What you need to do = Pull out of the data below the stretch of lines bounded by the one containing "CD Shop - LIMBORA" and the one containing "maison à vendre", both bounds included, unchanged.

Task material =
-.-.-

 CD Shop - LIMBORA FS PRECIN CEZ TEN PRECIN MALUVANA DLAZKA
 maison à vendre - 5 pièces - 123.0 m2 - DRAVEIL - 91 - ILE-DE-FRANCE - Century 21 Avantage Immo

-.-.-

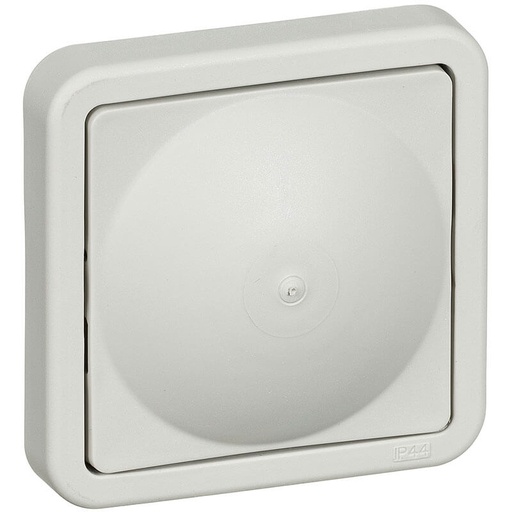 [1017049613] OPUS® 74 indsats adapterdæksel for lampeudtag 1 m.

-.-.-

Answer =
 CD Shop - LIMBORA FS PRECIN CEZ TEN PRECIN MALUVANA DLAZKA
 maison à vendre - 5 pièces - 123.0 m2 - DRAVEIL - 91 - ILE-DE-FRANCE - Century 21 Avantage Immo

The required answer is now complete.